With over 40 riders within 1 minute of the lead we knew Friday’s 110 mile stage would be pivotal. We had to protect Johnny and Gerald and Luis was going to try his hand at the stage win. The plan worked flawlessly…for the first 5 miles. Coming in to Farmington the sounds of carbon fiber hitting pavement and brake pads filled the air. I saw several Tulsa Tough riders go down, but couldn’t make out the rest of the 10 or so guys on the deck. I started rubbernecking around and all I could see was 30 other guys looking for their GC riders. About 2 minutes later an out of breath Gerald rides up next to me. He had gone down and had to chase back on (alone), my sheparding skills need work. The weather was nasty all day with pockets of rain and heavy wind gusts. The winds kept everyone on edge and the rain, well the rain just sucks for everyone. The wind was out of the south so when we turned on to 71, just south of Mountainburg, the race got fast. Going into the base of the climb the speeds were hovering around 34-35 mph as the fight for position was on. On the slopes of Gaylor the tailwind kept the group together, which meant that 80+ guys thought they had a chance to win a stage of Joe Martin. As expected the finale was chaotic as a rider at the front slid out on the wet roads coming in to town, I made it safely around and coming over the West St. hill and in to the base of Dickson St. the pace was fierce (1 minute at 595 watts). We didn’t get any real results on the stage, but Gerald and Johnny held on to good GC spots.

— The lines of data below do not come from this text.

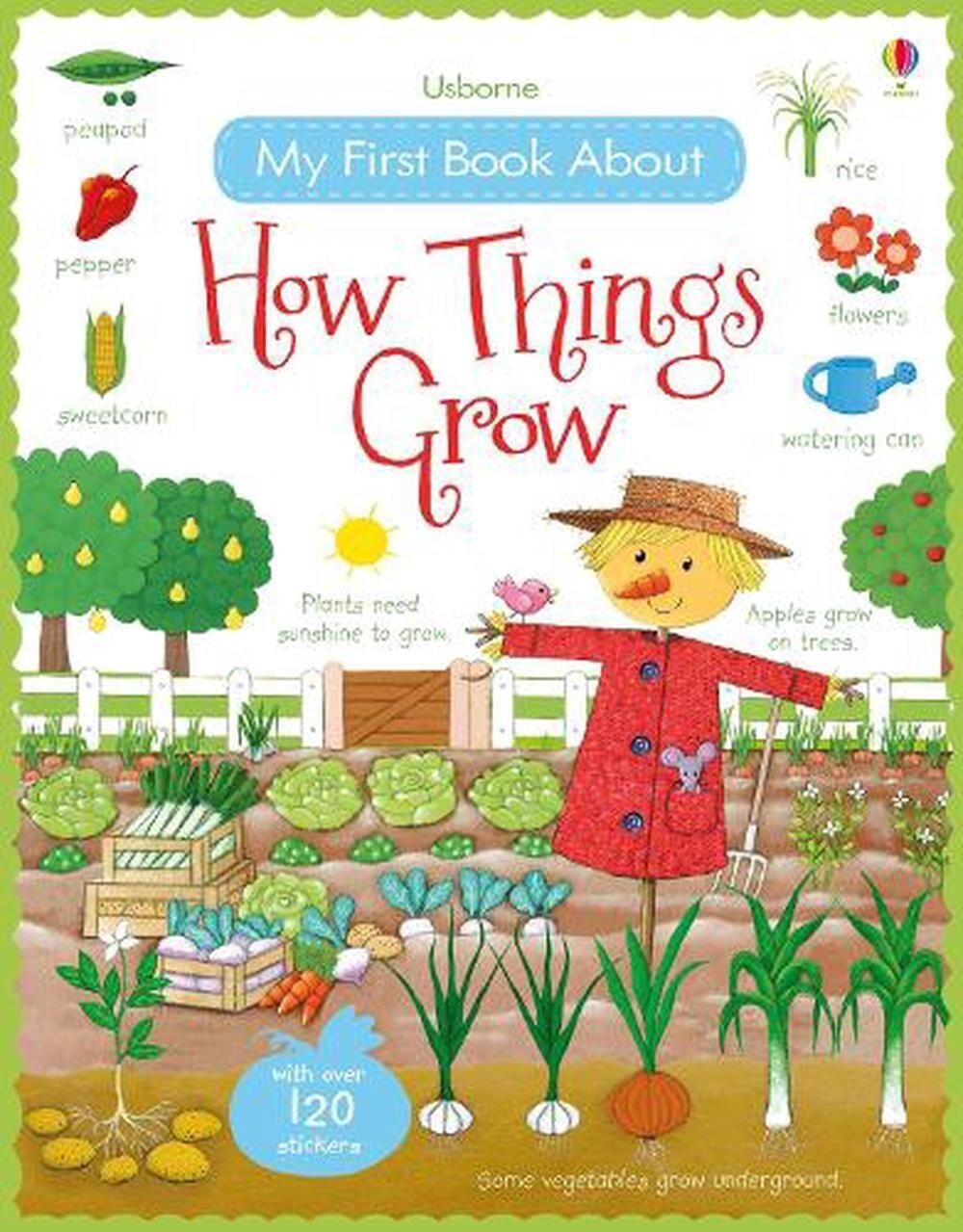 Usborne My First Book About How Things Grow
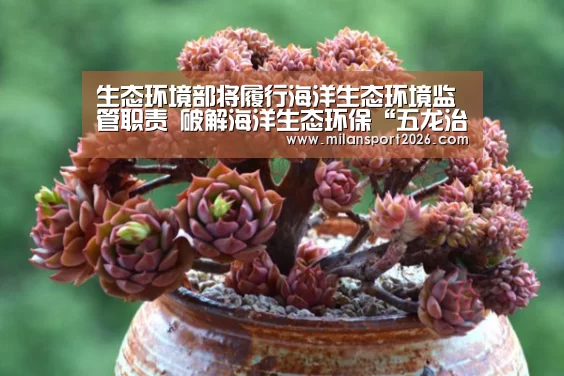 生态环境部将履行海洋生态环境监管职责 破解海洋生态环保“五龙治海”难题_米兰游戏(图2) 米兰游戏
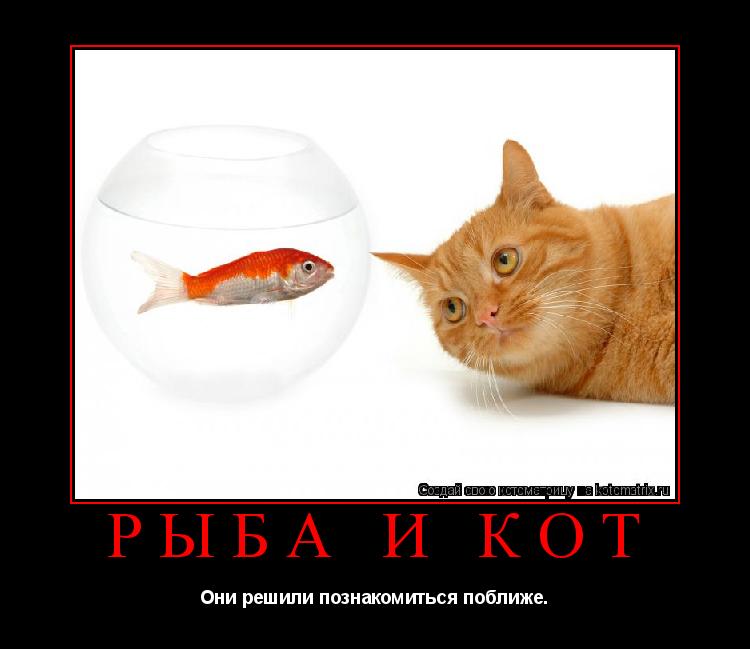 Рыба и кот Они решили познакомиться поближе.... Котоматрица: Рыба и кот Они решили познакомиться поближе.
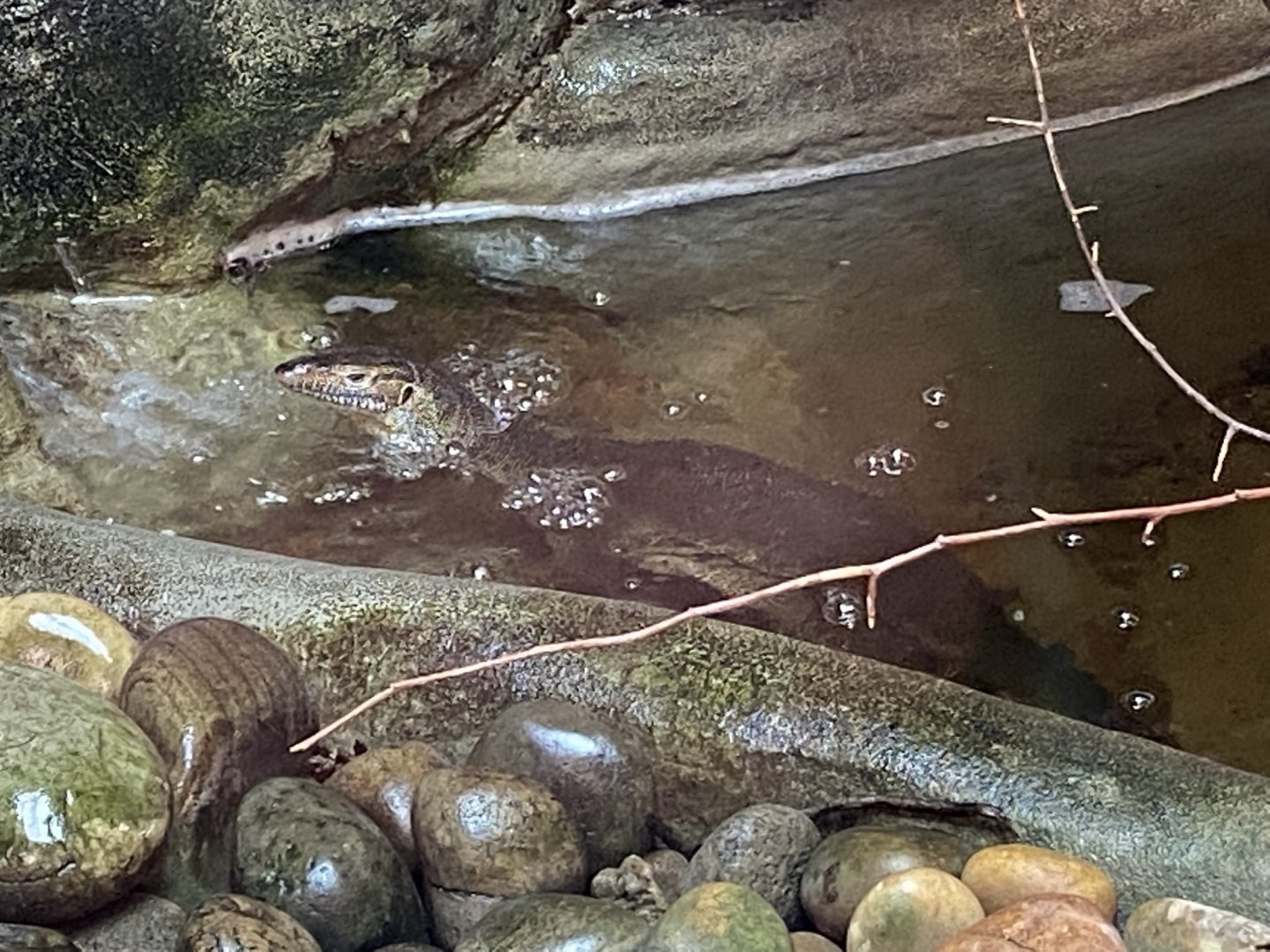 Mertens water monitor 020821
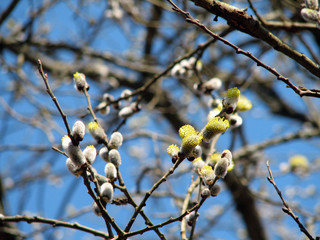 hazel flowering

Saturday was noticeably harder than Friday, yet uneventful. The steepness of ‘the wall’ and its ensuing false flat were hard, but the winds were the decider. Coming in to the finish Johnny got caught up in a crash, losing his GC hopes. However, Gerald made it through unscathed and moved up to 12th in GC.
The Sunday stage was short (only 50 minutes) which I thought was a blessing. Joe Martin had beaten me up and I was starting to notice the fatigue. Little did I know that the duration of the stage would lead to a blazing fast speed (slightly faster than the Pro Men). I was spit out of the crit after 20 minutes. Anyone who has done the Joe Martin crit knows how important it is to ride at the front. On the third time down Dickson St. I touched wheels with another rider. This spooked me a bit and before I got my bearings I was 80 guys back. I tried not to panic, but deep down I new my laps were numbered as guys were getting shed left and right. Sure enough I lost contact eventually, but a bacon hand up from the Church St. crew made the pain go away. Gerald, Johnny and Luis all hung in there for the entirety of the race. Gerald ended up 13th on GC, only 50 seconds back of the winner, Arkansas resident Evan East.
Joe Martin is simply different, the rules that apply to normal racing are bent. For example we were coming through Greenland, and I was sure that the 32 mph speed would inhibit any breakaways from forming. I was dead wrong, as that was the deciding moment in the race. Evan East got away there, securing himself 30 seconds and the overall win. There are dozens of bike racing clichés, and in Joe Martin the only thing that you can expect is the unexpected. On Friday I got to see Ryan Gabriel (Tulsa Tough) get put into the ditch at 30+ mph and ride it out. Also it was cool/scary to see 100 dudes ‘big ring’ Gaylor. Saturday brought the most hectic neutral miles of my life, having to lock up the brakes a few times. Sunday was marked by big crowds and the most enthusiasm for bike racing I’ve seen in Fayetteville.
Footnote – I won’t bore you with a bunch of power data, but I burned 8000 calories doing JMSR. This is the equivalent to a gallon of ice cream and a case of beer, coincidentally that’s all I have in the kitchen right now…
‘big ringing’ Gaylor…that’s SICK. Nice write up for those of us who couldn’t make it out to spectate!
I was the one cheering you all on as you big ringed it up Gaylor, great efforts by all!
Nice job and good read..
Enjoyed reading your recap!
Very nice write up! (But what does GC stand for?)
Great question Caroline. It stands for General Classification. So he is referring to the overall ranking which is based on the time accumulated to finish each event. That is how they get the overall winner at the end of all the races.